USOC will visit Chicago, San Francisco, L.A. this week
SAN FRANCISCO -- The U.S. Olympic Committee will begin a three-day tour -- starting with Chicago on Wednesday -- of the three national finalists bidding to host the 2016 Games.
USOC officials will visit San Francisco on Thursday and Los Angeles on Friday.
Tale of Three Cities The USOC has not decided whether it will even present a bid for the 2016 Olympics, but Los Angeles, Chicago, and San Francisco are the final three American cities in the running. Here is a look at their Olympic history: Los Angeles • Los Angeles was the only city of the three to host the Olympics, winning the honor in 1932 and 1984.
• L.A. was also presented as a candidate seven other times -- for the 1924, 1928, 1948, 1952, 1956, 1976, and 1980 games -- losing out each time.
Chicago • Chicago was selected to host the Olympics in 1904, but never did so. The IOC later voted to move the games for the III Olympiad to St. Louis.
• Chicago was also presented as a candidate for the 1952 and 1956 games, losing both times.

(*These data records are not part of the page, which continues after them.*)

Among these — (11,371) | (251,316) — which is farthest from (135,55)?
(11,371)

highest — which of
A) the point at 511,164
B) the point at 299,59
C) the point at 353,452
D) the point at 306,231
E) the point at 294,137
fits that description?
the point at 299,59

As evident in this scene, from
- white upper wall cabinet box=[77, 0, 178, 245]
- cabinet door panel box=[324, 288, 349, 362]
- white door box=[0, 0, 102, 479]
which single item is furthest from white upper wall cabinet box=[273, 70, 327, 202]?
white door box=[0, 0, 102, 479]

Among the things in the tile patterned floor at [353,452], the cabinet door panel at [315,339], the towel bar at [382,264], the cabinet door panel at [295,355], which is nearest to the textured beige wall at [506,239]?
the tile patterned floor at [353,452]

San Francisco • San Francisco has been presented as a candidate once -- for the 1956 games. San Francisco joined Chicago and L.A. that year as runners up to winner Melbourne.

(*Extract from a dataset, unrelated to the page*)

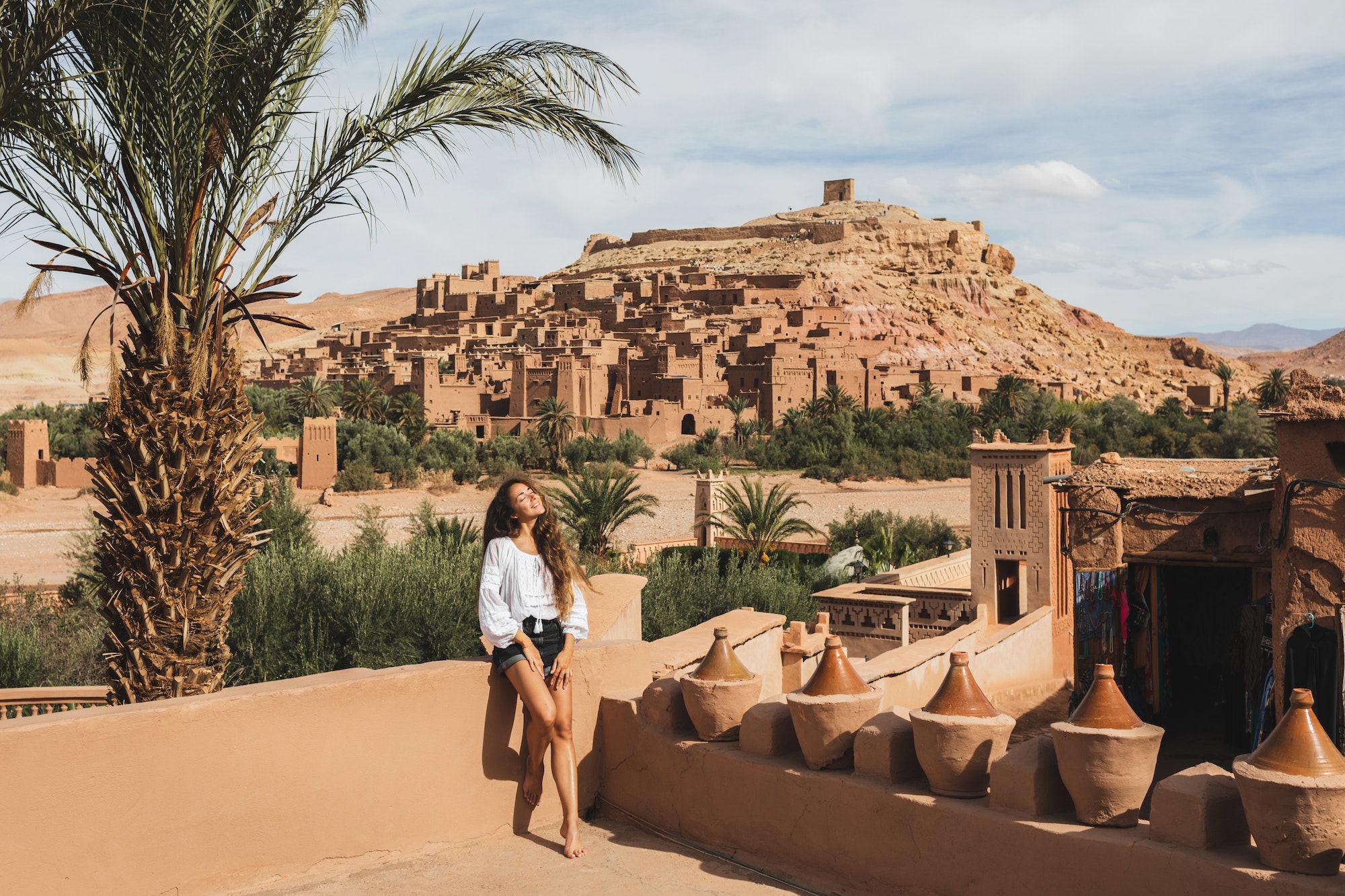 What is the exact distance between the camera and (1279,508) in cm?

-- Compiled by Zachary Pierce, ESPN.com
• SOURCE: www.olympic.org
Each city already submitted initial Olympic Games plans, which has been reviewed by the Applicant City Technical Team. The team visited cities bidding for the games in May before narrowing the field down from five.

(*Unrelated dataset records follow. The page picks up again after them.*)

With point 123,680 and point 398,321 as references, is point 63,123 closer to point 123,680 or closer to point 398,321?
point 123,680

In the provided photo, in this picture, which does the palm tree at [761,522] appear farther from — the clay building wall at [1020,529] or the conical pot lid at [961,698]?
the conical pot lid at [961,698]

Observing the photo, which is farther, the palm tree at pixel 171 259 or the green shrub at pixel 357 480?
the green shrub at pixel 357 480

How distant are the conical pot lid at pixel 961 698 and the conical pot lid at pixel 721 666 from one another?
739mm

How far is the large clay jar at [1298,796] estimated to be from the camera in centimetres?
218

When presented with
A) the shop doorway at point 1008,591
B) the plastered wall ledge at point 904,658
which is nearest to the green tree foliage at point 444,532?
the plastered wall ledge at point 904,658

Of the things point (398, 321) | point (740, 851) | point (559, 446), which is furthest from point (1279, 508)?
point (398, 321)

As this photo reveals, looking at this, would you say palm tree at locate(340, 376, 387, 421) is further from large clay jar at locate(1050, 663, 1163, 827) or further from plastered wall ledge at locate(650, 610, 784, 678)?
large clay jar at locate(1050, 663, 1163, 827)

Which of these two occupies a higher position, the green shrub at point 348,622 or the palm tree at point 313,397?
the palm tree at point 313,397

Houston and Philadelphia were eliminated in July.
The purpose of this second round of tours is to go over revisions to each city's application and begin reshaping the bids to better position the cities for competition on an international scale.
Observers have said this is the United States' best shot at landing the Olympic Games in years. The country last hosted a Summer Games in 1996 in Atlanta.
The USOC is expected to decide by the end of the year whether to submit an American bid for the 2016 Games.
"We're still working on the larger question of whether or not we'll proceed with the U.S. bid," said USOC spokesman Darryl Seibel. "If we do, we have set the end of March 2007 as the time frame to have the U.S. city selected."
If San Francisco wins the bid, city officials said they plan to build a new stadium and housing for athletes by the city's waterfront that would later be used as apartments.
Los Angeles, on the other hand, still has stadiums and water parks left over from the 1932 and 1984 Olympics to meet most of the Olympic Games' needs, officials there said.
Chicago, meanwhile, promised support from corporations, compact events near downtown and mass transit.
The International Olympic Committee is expected to chose the site of the 2016 Games in 2009.